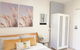 Quaint Double Or Queen Room - Mins To Stations&UNSW - Shared Bathroom - thumb 1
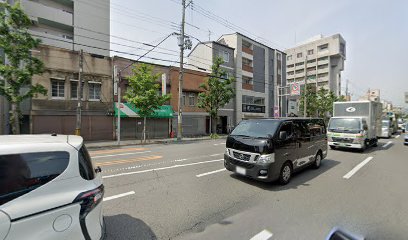 京都府写真材料商業組合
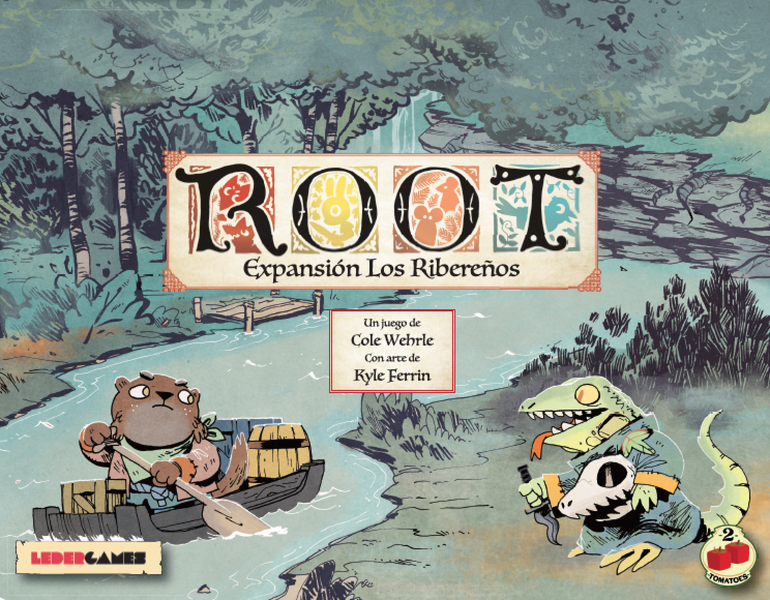 root los riberenos 01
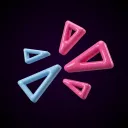 🎁 DAILY GIVEAWAYS!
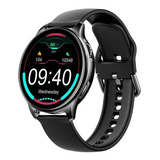 Smart Watch Reloj Inteligente Para Mujer Llamada Bluetooth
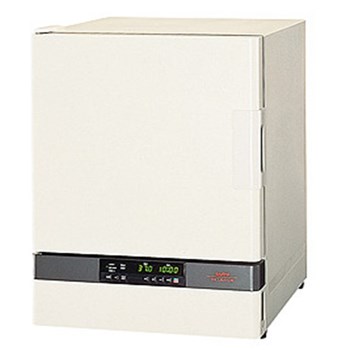 SANYO三洋 高温恒温培养箱（MIR-162-pc）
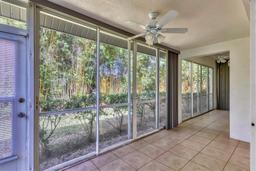 Picture of 6639 Pineview Terrace Unit 6639, Bradenton, FL 34203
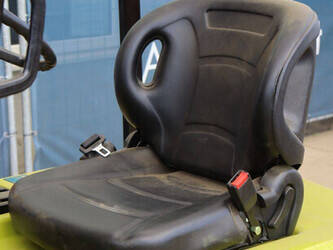 1985-clark-tm15-1444501-46723013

────

After removing the pictures, set down every record above exactly as it stands.

 Quaint Double Or Queen Room - Mins To Stations&UNSW - Shared Bathroom - thumb 1
 京都府写真材料商業組合
 root los riberenos 01
 🎁 DAILY GIVEAWAYS!
 Smart Watch Reloj Inteligente Para Mujer Llamada Bluetooth
 SANYO三洋 高温恒温培养箱（MIR-162-pc）
 Picture of 6639 Pineview Terrace Unit 6639, Bradenton, FL 34203
 1985-clark-tm15-1444501-46723013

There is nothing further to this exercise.